The long-term soil water evolution is illustrated in Fig. 9. Vertically, the most active soil water zone was within the top 2.0 m (statistically based on the simulation results). This was confirmed by root development and water uptake in this study (Fig. 11) and by field observations in this region (Suo et al., 2020). In the top 2.0 m soil layer, infiltration events replenish and plant roots deplete the soil water alternately. The two root growth modelling approaches resulted in remarkably similar soil water enrichment and depletion patterns in the top 2.0 m layer, especially during the infiltration period (Fig. 9d).

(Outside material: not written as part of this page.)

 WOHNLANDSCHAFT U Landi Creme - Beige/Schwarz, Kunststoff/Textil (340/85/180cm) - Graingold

Below the top 2.0 m, soil water was continuously in a negative state, and the dynamic rooting depth approach resulted in more soil water depletion than the static rooting depth approach.

Drying soil layers have been frequently reported in previous studies in the Loess Plateau (Y. Wang et al., 2018). The upper and lower boundaries of the drying soil layers were defined according to the soil desiccation index (Wang et al., 2011), as shown in Fig. 12. The static rooting depth approach did not demonstrate the sustainable existence of drying soil layers. This is because it pre-sets a fixed rooting depth over the simulation period, which does not capture the hydraulic traits of roots that may develop to use water from the wetter zone beneath the pre-set rooting depth.

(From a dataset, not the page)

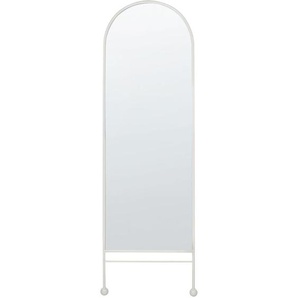 Wandspiegel Weiß Eisen Glas 45 x 145 cm Oval Hängedekoration Modern Minimalistisch Wohnzimmer Schlafzimmer Flur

For the dynamic rooting depth approach, the drying soil layers started to develop at a stand age of approximately 8 years and became deeper and thicker sustainably with increasing stand age. Its lower boundary extended gradually to deeper soil, while its upper boundary fluctuated significantly. The strong fluctuations were associated with the infiltration, whereas the continuous extension of the lower boundary was due to sustained plant root uptake and rare recharge. With stand ageing, the soil water content in the drying soil layer decreased continuously, and the thickness increased gradually.

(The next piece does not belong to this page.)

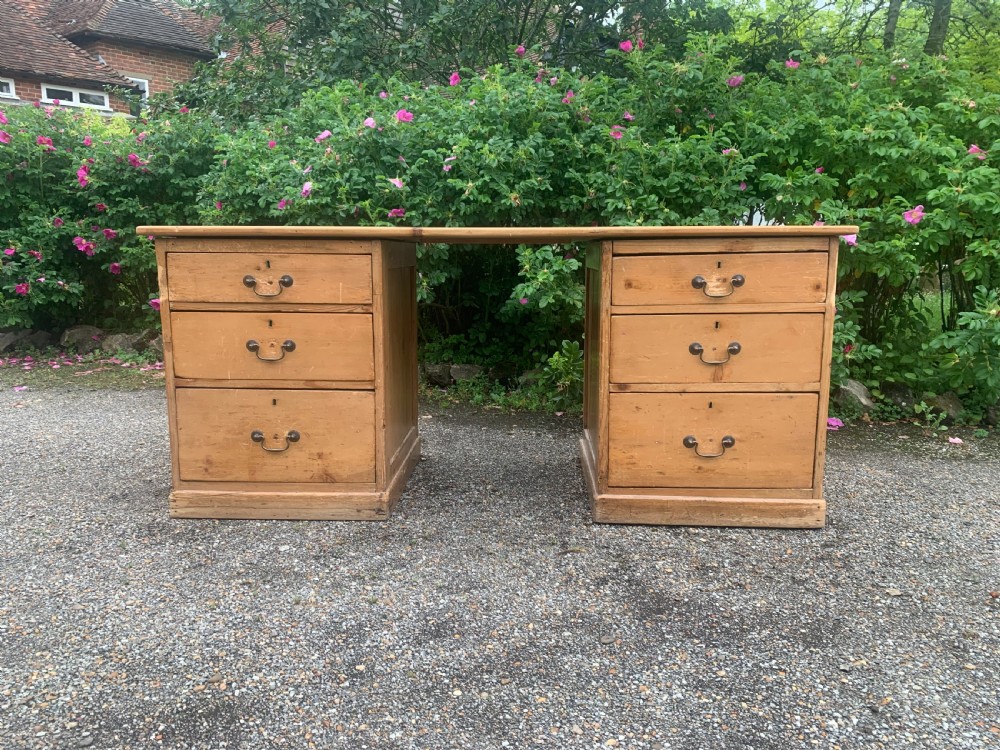 Antique pine pedestal desk View III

The simulated evolution of the drying soil layers was partially confirmed by field observations (Jia et al., 2017a), as shown in Fig. 12. The simulation produced a progressive course of the lower boundary, which was far deeper below the ground than the observations. The observations were limited to the top 5.0 m only. A deeper sampling might have resulted in a thicker drying soil. In Changwu, which is 80 km from the study site in the Loess Plateau, it was reported that the thickness of the drying soil layer reached 7.0 m, with its lower boundary as deep as 8.0 m below the ground in the black locust plantation (Li et al., 2008). It should also be noted that the sampling depth was limited to 8.0 m. Deep sampling has indicated that drying soil layers reach a depth of 19.0 m in the Loess Plateau (Wu et al., 2021).